The test requires that there are a minimum number of observations in each bin. We combine the tail bins into larger bins so that they contain enough observations.
>>> f2 = np.hstack([f[:5].sum(), f[5:-5], f[-5:].sum()])
>>> p2 = np.hstack([probs[:5].sum(), probs[5:-5], probs[-5:].sum()])
>>> ch2, pval = stats.chisquare(f2, p2*n_sample)
>>> print('chisquare for normdiscrete: chi2 = %6.3f pvalue = %6.4f' % (ch2, pval))

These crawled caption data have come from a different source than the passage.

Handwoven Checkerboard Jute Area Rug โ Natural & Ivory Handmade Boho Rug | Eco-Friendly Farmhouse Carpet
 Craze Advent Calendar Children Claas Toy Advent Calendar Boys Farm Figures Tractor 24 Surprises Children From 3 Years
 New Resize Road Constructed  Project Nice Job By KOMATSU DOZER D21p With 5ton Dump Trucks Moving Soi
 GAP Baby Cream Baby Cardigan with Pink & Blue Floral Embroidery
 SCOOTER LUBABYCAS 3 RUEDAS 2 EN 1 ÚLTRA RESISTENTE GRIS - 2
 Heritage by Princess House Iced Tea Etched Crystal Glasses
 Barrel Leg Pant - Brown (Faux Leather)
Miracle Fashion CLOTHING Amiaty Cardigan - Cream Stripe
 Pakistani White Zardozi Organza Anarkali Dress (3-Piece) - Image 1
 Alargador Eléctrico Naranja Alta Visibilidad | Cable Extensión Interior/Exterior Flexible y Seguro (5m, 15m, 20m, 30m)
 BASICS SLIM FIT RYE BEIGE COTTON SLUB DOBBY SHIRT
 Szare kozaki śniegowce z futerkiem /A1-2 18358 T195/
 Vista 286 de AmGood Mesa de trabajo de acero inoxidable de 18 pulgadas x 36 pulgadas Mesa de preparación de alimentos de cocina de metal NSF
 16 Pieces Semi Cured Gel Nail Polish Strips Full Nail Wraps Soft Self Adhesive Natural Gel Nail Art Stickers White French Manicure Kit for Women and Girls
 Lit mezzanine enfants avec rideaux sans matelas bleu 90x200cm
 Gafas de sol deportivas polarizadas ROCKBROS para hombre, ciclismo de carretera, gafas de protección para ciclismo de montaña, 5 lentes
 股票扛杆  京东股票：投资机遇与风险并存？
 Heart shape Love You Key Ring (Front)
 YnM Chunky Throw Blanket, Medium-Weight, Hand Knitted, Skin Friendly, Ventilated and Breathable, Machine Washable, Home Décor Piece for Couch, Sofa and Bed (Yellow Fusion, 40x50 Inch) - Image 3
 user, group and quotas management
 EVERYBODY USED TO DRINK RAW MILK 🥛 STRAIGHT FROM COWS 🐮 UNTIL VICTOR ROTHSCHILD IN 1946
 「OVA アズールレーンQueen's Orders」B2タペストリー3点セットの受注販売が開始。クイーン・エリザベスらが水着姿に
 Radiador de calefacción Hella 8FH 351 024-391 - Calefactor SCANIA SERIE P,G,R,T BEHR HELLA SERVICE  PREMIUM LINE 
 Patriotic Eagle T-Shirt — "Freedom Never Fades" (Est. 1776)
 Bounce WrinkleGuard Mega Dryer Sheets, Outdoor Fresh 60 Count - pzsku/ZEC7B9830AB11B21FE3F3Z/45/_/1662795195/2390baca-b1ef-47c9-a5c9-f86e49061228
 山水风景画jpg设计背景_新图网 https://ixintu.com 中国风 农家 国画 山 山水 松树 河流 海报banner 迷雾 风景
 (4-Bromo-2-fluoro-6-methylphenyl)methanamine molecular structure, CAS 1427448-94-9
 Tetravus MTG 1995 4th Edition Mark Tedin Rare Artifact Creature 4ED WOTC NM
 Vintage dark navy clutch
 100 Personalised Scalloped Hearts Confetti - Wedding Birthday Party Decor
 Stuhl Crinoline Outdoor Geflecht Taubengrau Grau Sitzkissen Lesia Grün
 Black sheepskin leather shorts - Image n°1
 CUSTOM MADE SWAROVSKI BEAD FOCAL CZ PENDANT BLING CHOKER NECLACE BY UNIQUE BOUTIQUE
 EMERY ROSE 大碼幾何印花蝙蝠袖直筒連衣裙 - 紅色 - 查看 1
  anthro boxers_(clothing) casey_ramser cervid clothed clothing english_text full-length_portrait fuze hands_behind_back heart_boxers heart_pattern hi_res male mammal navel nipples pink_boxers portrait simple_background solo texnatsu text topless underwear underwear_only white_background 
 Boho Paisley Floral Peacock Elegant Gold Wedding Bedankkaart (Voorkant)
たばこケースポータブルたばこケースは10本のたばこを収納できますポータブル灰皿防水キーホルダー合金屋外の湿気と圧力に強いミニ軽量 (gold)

chisquare for normdiscrete: chi2 = 12.466 pvalue = 0.4090 # random
Conceptually, the test statistic chi2
is sensitive to deviations between
the frequencies of observations and their expected frequencies under the
null hypothesis. The p-value is the probability of drawing samples from the
hypothesized distribution that would produce a statistic value more extreme than
the one we observed. Our statistic value is not very high; in fact, there is
a 40.9% chance that the statistic would be higher than 12.466 if we were to draw a
sample of the same size from the discrete distribution defined by p2
. Therefore,
the test provides little evidence against the null hypothesis that the sample was
drawn from our norm-discrete distribution.